Petitioner-appellee Padilla-Duran (“Padilla”) was convicted in 1993 of several offenses based on his involvement in a conspiracy to import marijuana into the United States. At sentencing, the district court determined the quantity of drugs attributable to Padilla and sentenced him to 235 months’ imprisonment. Padilla’s conviction and sentence were affirmed by this court on direct appeal. Padilla then filed his first motion under 28 U.S.C. § 2255, which was denied by the district court, and the denial was affirmed by this court. After the Supreme Court decided Apprendi v. New Jersey, 530 U.S. 466, 120 S.Ct. 2348, 147 L.Ed.2d 435 (2000), Padilla requested and received permission from this court to file a successive motion raising an Apprendi claim. Padilla then filed the present successive motion, which was granted by the district court on April 17, 2001. The government appeals.

Under 28 U.S.C. §§ 2255 and 2244, a successive motion must be dismissed unless it is based on newly discovered evidence demonstrating the petitioner’s innocence, or “a new rule of constitutional law, made retroactive to cases on collateral review by the Supreme Court, that was previously unavailable.” 28 U.S.C. § 2255. The district court concluded that Apprendi announced a “new rule” that has been “made retroactive” by the Supreme Court. Relying on Flowers v. Walter, 239 F.3d 1096 (9th Cir.2001) (per curiam), the district court interpreted the phrase “made retroactive ... by the Supreme Court” broadly to allow retroactive application of new rules under the standard announced in Teague v. Lane, 489 U.S. 288, 109 S.Ct. 1060, 103 L.Ed.2d 334 (1989). Accordingly, the district court conducted Teague analysis and concluded that Apprendi applied retroactively to Padilla’s case.

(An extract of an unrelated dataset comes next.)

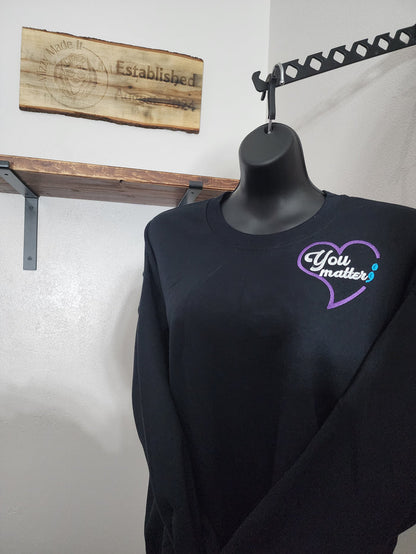 Suicide Prevention Awareness Embroidered Pullover Hoodie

After the district court issued its decision, however, the Supreme Court decided Tyler v. Cain, 533 U.S. 656, 121 S.Ct. 2478, *255150 L.Ed.2d 632 (2001), in which the Court held that the phrase “made retroactive ... by the Supreme Court” means the Supreme Court must have explicitly held that the right applies retroactively to cases on collateral review. Id. at 662, 121 S.Ct. 2478. In response to Tyler, the Flowers opinion was withdrawn, 267 F.3d 1167 (9th Cir.2001), and replaced with an unpublished disposition affirming dismissal of the successive motion. 24 Fed.Appx. 658 (9th Cir.2001). Thus, it is now clear that a new rule of constitutional law has not been “made retroactive” for the purposes of §§ 2255 and 2244 unless the Supreme Court has explicitly held that the rule applies retroactively to cases on collateral review. See Rees v. Hill, 286 F.3d 1103, 1104 (9th Cir.2002).

As the Supreme Court has never held Apprendi retroactive, Padilla should not have been permitted to bring a successive motion raising an Apprendi claim. Moreover, even if this court could reach the merits of Padilla’s appeal, Padilla would not be entitled to relief, because we recently held that Apprendi does not apply retroactively to cases on collateral review. See United States v. Sanchez-Cervantes, 282 F.3d 664 (9th Cir.2002).

Accordingly, the district court’s order granting Padilla’s successive motion is reversed, and the case is remanded with instructions to dismiss the petition.

REVERSED AND REMANDED.

This disposition is not appropriate for publication and may not be cited to or by the courts of this circuit except as provided by Ninth Circuit Rule 36-3.